# Neofinetia falcata 'Kinginrasha' + (Warning: Larger Photos!)



## Lanmark (Jun 10, 2010)

Here are two shots of *Neofinetia falcata* variety _'Kinginrasha'_ currently in bloom. I'm not overly happy with how the photos turned out, but at least they illustrate somewhat the rough/pebbly texture typically found on both the leaves and the flowers of this variety as well as the upturned faces of the flowers and the curly nature of their spurs. The _'Kinginrasha'_ variety is a small plant overall with a fountain-like form.

Following the two photos of the _'Kinginrasha'_ plant there is also one photo of a pretty pink-flowered Neo I currently have in bloom.

The flowers on both plants are highly fragrant.


----------



## valenzino (Jun 10, 2010)

Nice ones!


----------



## Lanmark (Jun 10, 2010)

I should note that the pink one is plant of the variety _'Hanakanzashi'_ which has so far failed to bloom with anything other than standard-form flowers for me. This is the third or maybe the fourth time this particular _'Hanakanzashi'_ plant has bloomed for me. The flowers are nice whether or not they have multiple spurs.


----------



## SlipperFan (Jun 10, 2010)

Good job, Mark. Both the growing/blooming and the photos.


----------



## KyushuCalanthe (Jun 10, 2010)

Nice plant, one of my favs! It is hard to fully appreciate this little gem from a photo.


----------



## Lanmark (Jun 11, 2010)

SlipperFan said:


> Good job, Mark. Both the growing/blooming and the photos.



Thanks, Dot!  I wish I could do better at both the plant culture and the photography. I strive to improve all the time, but I'm not convinced I'm making any real progress. Still, I have fun with it all, and I really do enjoy my hobbies. I wish I had more time and energy to devote to them, and once again I'm thinking maybe I have too many plants for my allotted space! 



KyushuCalanthe said:


> Nice plant, one of my favs! It is hard to fully appreciate this *little gem* from a photo.

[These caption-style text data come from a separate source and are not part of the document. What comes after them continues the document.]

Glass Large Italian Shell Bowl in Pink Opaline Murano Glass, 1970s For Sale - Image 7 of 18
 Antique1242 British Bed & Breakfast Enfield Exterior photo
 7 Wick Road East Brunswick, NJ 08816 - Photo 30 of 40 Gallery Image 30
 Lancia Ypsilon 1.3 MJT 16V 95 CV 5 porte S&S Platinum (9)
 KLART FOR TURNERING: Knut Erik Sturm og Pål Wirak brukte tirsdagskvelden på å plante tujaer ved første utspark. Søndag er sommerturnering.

"Little gem" describes it perfectly! This is one of my favorites! :smitten:

**Newsflash**
_'Soubiryu'_ is putting out buds now, and some of them are showing two spurs. :clap: Stay tuned...


----------



## Clark (Jun 11, 2010)

Hello Mark.
Do the flowers of the different plants smell the same, or each plant has unique fragrance?
Thank you.


----------



## Lanmark (Jun 11, 2010)

Clark said:


> Hello Mark.
> Do the flowers of the different plants smell the same, or each plant has unique fragrance?
> Thank you.



There is what I would call a basic Neofinetia falcata fragrance which they all seem to possess, but within that basic scent I do in fact find quite a bit of variation from variety to variety. The basic scent is mostly good, but at certain times of the day or within the life of the flower that scent can be so strong as to smell almost "solvent-y" (I know that's not a real word  ) if you get your nose too close to the flower. The best way I know how to describe that basic blended scent is jasmine/coconut/vanilla/pineapple/light sweet oriental spice. Most of the Neos I have met tend to have fragrance shifts throughout each day and night and as the flowers age. Some varieties are far more fragrant than others.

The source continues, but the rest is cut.